Supplied records:
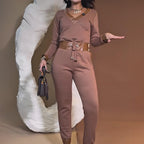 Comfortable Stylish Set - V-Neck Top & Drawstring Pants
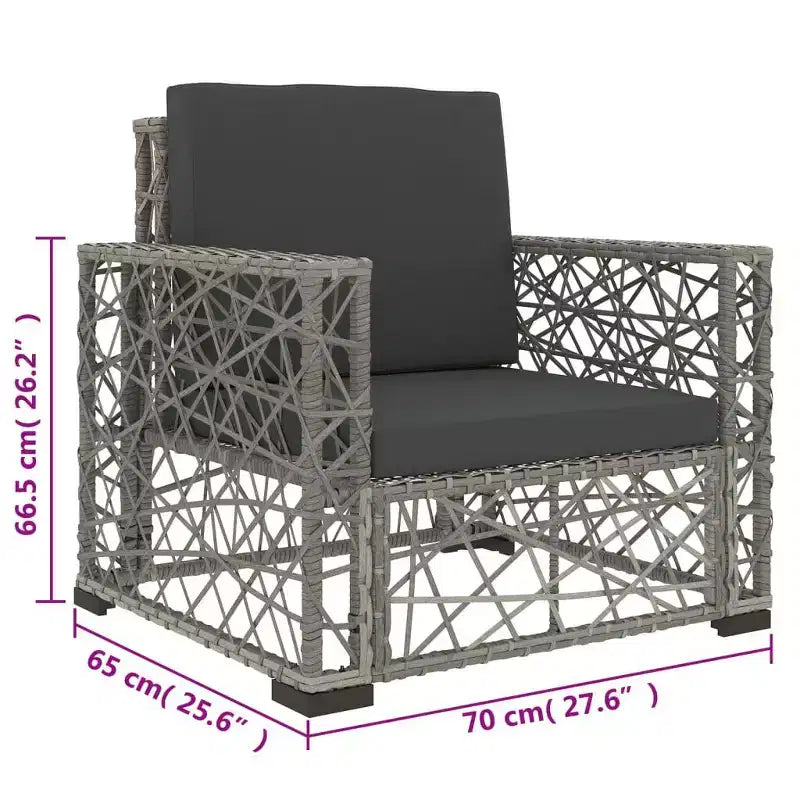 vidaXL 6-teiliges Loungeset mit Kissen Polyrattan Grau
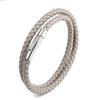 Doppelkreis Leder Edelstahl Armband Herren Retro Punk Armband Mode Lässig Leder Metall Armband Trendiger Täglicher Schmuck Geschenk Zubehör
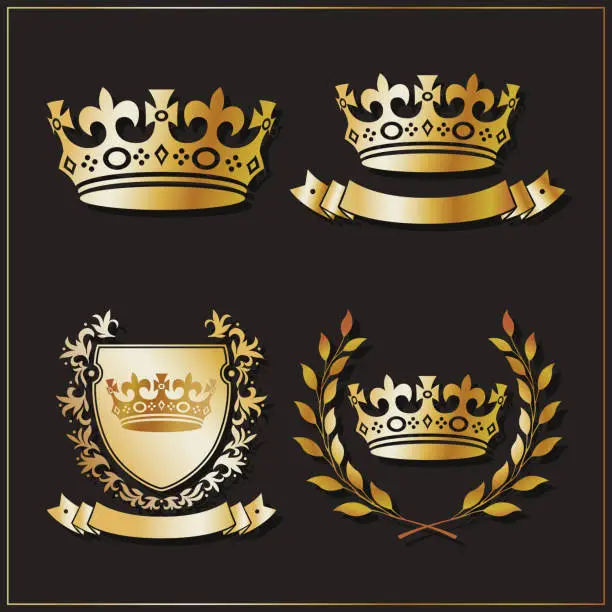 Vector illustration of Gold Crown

--

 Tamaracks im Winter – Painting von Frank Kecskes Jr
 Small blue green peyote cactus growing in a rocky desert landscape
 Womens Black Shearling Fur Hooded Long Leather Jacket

Task instructions: Beginning at the line above with "Tamaracks im Winter" and finishing at the line with "Womens Black Shearling", return each line exactly and return nothing else.

Result:
 Tamaracks im Winter – Painting von Frank Kecskes Jr
 Small blue green peyote cactus growing in a rocky desert landscape
 Womens Black Shearling Fur Hooded Long Leather Jacket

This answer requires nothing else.